Changes in gene activity are known to be important in the development of epilepsy. Normally, a molecule called messenger RNA is produced when a gene is active. This becomes the template for the production of the proteins that brain cells use to function. A critical step is the addition of a short sequence called a poly(A) tail. This has never been studied before in epilepsy. The team discovered that this tailing process (polyadenylation) is dramatically altered for about one third of the genes of someone with epilepsy, changing protein production in the brain.
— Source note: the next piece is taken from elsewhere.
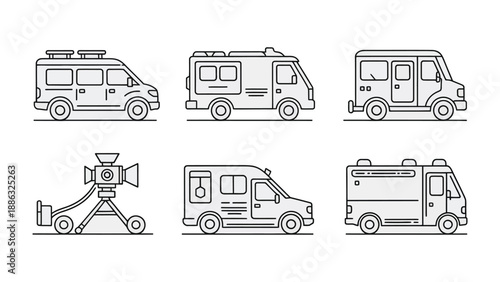 Vehicles in Line Art: A set of various vehicles, including a van, and an ambulance, are artfully presented in a sleek, minimalist style with clean lines and subtle details.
“Our discovery adds another piece to the puzzle to help us understand why gene activity is different in someone with epilepsy,” said Dr Tobias Engel, FutureNeuro Investigator and Senior Lecturer in the School of Physiology and Medical Physics at RCSI. “It is remarkable that so many active genes in the brain show a change in this polyadenylation process. We believe that this could ultimately lead us to new targeted treatments, allowing us to investigate if we could stop a person from developing epilepsy.”
Epilepsy is one of the most common chronic brain diseases, affecting over 65 million people worldwide. While current drug treatments are usually effective in suppressing seizures, they do not work in one third of people with epilepsy and have no effect on the underlying causes of the disease.
“Regulated poly(A) tailing of messenger RNAs is a step in gene expression regulation barely explored in brain diseases, and our study should foster its investigation in other brain conditions in which gene expression alteration is suspected,” said Dr José Lucas, Research Professor at Severo Ochoa-Centre for Molecular Biology of Madrid.
Professor David Henshall, Director of FutureNeuro and Professor of Physiology in the School of Physiology and Medical Physics at RCSI, said, “Our aim in FutureNeuro is to provide faster diagnostics, precision therapeutics and eHealth enabled solutions for those with chronic and rare neurological diseases. This research is a great example of how understanding basic mechanisms of a disease can guide us to new targets for treatment.”
This research was co-funded by the Health Research Board, H2020 Marie Skłodowska-Curie Actions Individual Fellowship and from the European Union’s Horizon 2020 research and innovation programme under the Marie Sklodowska-Curie grant agreement.